Tinosporide
- Names: IUPAC name (2S,4aR,6aR,7S,7aS,8aS,9S,9aS,9bS)-2-(3-Furanyl)dodecahydro-7-hydroxy-6a,9b-dimethyl-9,7-(epoxymethano)-4H-oxireno[6,7]naphtho[2,1-c]pyran-4,11-dione

Identifiers
- CAS Number: 23369-74-6;
- 3D model (JSmol): Interactive image;
- ChemSpider: 146649;
- PubChem CID: 167631;

Properties
- Chemical formula: C_{20}H_{22}O_{7}
- Molar mass: 374.389 g·mol^{−1}

= Tinosporide =

Tinosporide is a chemical compound classified as a diterpenoid and a furanolactone. It was first isolated from the plant Tinospora cordifolia, from which it derives its name. It has since been found in other plants of the genus Tinospora, such as Tinospora glabra.
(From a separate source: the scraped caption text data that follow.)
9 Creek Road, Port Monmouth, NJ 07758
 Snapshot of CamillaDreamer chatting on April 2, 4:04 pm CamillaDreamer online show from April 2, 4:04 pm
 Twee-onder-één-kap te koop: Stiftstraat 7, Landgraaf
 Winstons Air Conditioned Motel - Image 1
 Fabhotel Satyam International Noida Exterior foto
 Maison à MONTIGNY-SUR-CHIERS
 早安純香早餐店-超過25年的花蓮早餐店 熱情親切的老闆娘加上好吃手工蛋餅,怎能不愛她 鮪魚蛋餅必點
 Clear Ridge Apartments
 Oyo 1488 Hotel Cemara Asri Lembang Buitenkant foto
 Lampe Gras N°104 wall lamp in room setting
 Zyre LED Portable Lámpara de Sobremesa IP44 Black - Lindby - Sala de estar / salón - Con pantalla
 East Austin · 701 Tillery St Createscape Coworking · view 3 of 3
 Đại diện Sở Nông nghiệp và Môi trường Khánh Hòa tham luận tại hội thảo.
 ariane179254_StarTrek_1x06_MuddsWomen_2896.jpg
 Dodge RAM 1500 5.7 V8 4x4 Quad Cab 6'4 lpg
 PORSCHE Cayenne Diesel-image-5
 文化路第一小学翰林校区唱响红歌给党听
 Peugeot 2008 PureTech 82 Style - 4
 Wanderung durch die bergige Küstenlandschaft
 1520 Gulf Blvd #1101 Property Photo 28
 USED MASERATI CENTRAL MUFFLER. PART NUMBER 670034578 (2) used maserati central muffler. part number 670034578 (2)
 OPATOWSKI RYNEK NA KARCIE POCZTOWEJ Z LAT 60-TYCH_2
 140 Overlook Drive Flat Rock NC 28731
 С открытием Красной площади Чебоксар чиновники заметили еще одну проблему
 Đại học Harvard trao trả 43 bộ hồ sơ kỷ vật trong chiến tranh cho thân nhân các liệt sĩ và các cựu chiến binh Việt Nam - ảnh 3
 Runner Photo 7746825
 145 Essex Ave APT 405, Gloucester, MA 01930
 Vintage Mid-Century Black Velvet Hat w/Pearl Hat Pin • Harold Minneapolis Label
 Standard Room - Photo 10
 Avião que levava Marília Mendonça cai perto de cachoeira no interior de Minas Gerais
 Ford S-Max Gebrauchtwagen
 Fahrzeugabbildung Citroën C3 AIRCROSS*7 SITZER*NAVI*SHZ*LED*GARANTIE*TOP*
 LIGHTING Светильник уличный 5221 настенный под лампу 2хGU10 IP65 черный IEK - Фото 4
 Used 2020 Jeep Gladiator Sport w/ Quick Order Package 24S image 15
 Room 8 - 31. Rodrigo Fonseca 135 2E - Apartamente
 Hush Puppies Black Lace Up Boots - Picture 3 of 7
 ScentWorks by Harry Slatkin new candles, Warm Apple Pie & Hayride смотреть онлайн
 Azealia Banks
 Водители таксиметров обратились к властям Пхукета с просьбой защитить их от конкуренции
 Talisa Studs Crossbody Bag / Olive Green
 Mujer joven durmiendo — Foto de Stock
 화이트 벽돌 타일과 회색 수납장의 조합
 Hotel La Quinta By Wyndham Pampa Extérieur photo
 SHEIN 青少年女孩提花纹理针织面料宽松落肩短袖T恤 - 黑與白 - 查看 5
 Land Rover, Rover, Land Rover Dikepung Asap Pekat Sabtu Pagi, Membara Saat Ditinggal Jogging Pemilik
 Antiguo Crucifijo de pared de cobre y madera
Because Tinospora cordifolia has been used in traditional herbal medicine, there has been research directed at exploring the potential pharmacology of tinosporide and related compounds.

==Related compounds==
Other diterpenoid furanolactones with a similar structure include columbin, palmarin, and chasmanthin.